In one of his first calls as U.S. President, Donald Trump has discussed the relocation of the American embassy in Israel from Tel Aviv to Jerusalem, as he invited Israeli Prime Minister Benjamin Netanyahu to visit the White House next month.

The pair discussed plans on the same day that the Israeli government announced 600 new homes in three East Jerusalem settlements, in a clear sign that Netanyahu’s right-wing coalition sees Trump’s administration as uncritical of such moves.

“The president and the prime minister agreed to continue to closely consult on a range of regional issues, including addressing the threats posed by Iran,” the White House said in a statement on Sunday.

Trump’s predecessor Barack Obama was accused by Netanyahu of betrayal last month, when he refused to use his veto to block a United Nations Security Council resolution condemning settlements as illegal.
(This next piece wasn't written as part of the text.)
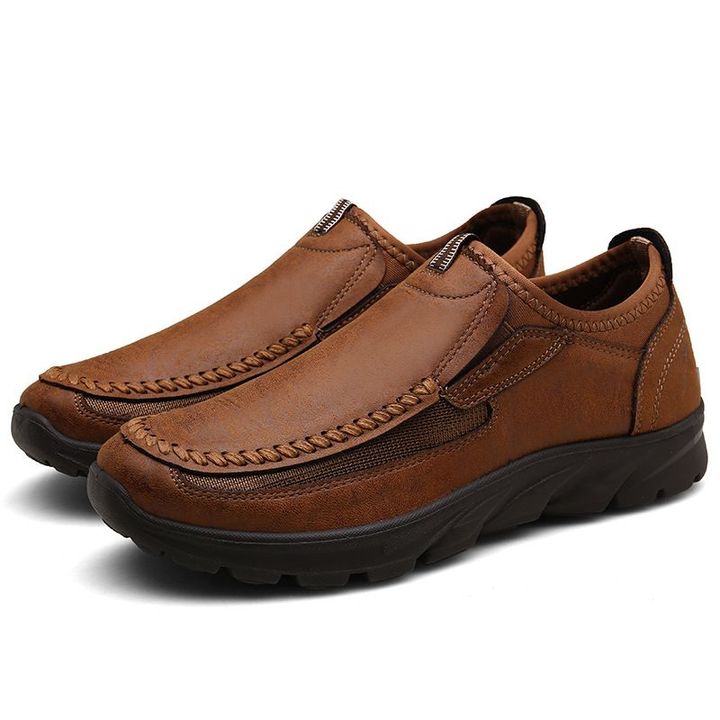Men's Hand-Made Round Head Leather Loafers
The UK and New Zealand were among 14 other countries voting in agreement with the resolution.

By contrast, Trump has named pro-settlement lawyer David Friedman as his ambassador to Israel, and has said he will move the U.S. embassy from Tel Aviv to Jerusalem, despite both Israelis and Palestinians claiming the city as their capital.

Analysts have said the move would “shred” America’s credibility in the region and that it could trigger a new wave of Palestinian violence, but White House spokesman Sean Spicer said: “We are at the very beginning stages of even discussing this subject.”

BICOM chief executive James Sorene last week said Trump may opt for a compromise, relocating the U.S. Ambassador to work from Jerusalem, but not the embassy. A temporary block put on any embassy relocation by Obama in December expires in June.

Meanwhile, Israel announced 600 new settler homes in East Jerusalem, just hours after Trump’s inauguration. Jerusalem’s mayor Nir Barkat made clear that the announcement had been timed according to events in the U.S, saying: “We’ve been through eight tough years, with Obama pressuring to freeze construction.”

Jerusalem’s deputy mayor Meir Turgeman added: “The rules of the game have changed with Donald Trump’s arrival as president. We no longer have our hands tied… Now we can finally build.”